A flickering spark, and a small jumble of dim lights came on, sheltered from the drenching downpour in one of the fume cupboards, highlighting Ginger calmly taping firm the electrodes attached to wires and bulbs that she had just dipped into two large beakers of liquid. The pale light shone across to where tawny fur remained wrapped around brown, water beating down on the pair, their lips glued together, impervious to the light or the audience who watched silently, with increasing amusement or indignation. Then Rupert finally growled for a second time, his voice resigned, "Who is this?"

Gemma sighed, and wriggled to get free.

Mac sighed, and lifted his head reluctantly.

The deluge abruptly dropped to a trickle, then mere drips. Gemma landed back on her own feet and she grinned at Mo as she spun to face her pack. The old wolf was twisting tight a clamp to crush closed one of the exposed water pipes running floor to ceiling on the far wall.

This is my mate, she conveyed to them all proudly, wincing against the scrape of pain through her mind at the simple phrase. Stating the obvious.

"Save your shiele," growled Jorgen. All of the wolves hovering some paces back were frowning in pain at their own headaches. None of them were used to melding.

"Where is Ben?" Andrea suddenly asked, quietly. A frisson ran through the small group. They all straightened, and looked around.

"I don't remember sensing him in the meld," growled Mo, striding back towards them.

The eyes all focussed on Gemma, and she was instantly aware - Ben had not been with them. No. The taste of betrayal was sour in her mouth, brain echoing in shock, hurt.

"Oh, what does it matter?" snapped Ellen on a wavering note. "We're all deadwolves now anyway. There's no way we can get out of here. Even with the Mackeld."

"That might matter," Alan responded quietly. "How did he get in? Find us? Her? The Alfamme said that they no longer shared a link."

The glowing eyes turned to the Alpha, who was standing quietly, holding closed a rip in his upper arm as it knitted.

"Explain," gritted Rupert.
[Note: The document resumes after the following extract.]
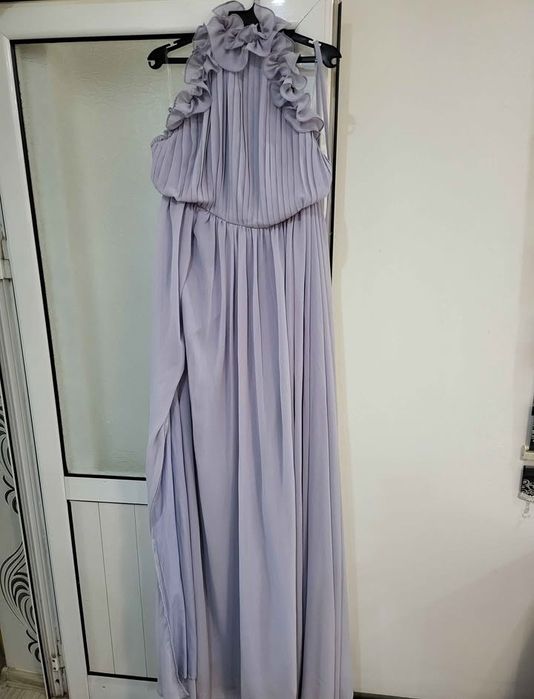 Официални рокли.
The suspicion in his voice had lightened, but it was still tainting the words

The quiet green eyes lifted.

"Please," the wolf chemist found himself adding automatically as he met that cool gaze.

Mac sighed. "The mental link was broken," he agreed quietly, his sombre eyes turning briefly to his mate's. "But love doesn't break that way, so I was bound to try to follow her. Or avenge her." The words of the explanation were quiet, matter-of-fact, but Gemma found herself suddenly biting her bottom lip to keep it steady, eyes glistening as she dropped her head so that she could listen without being overwhelmed by the loss behind those bleak, echoing eyes.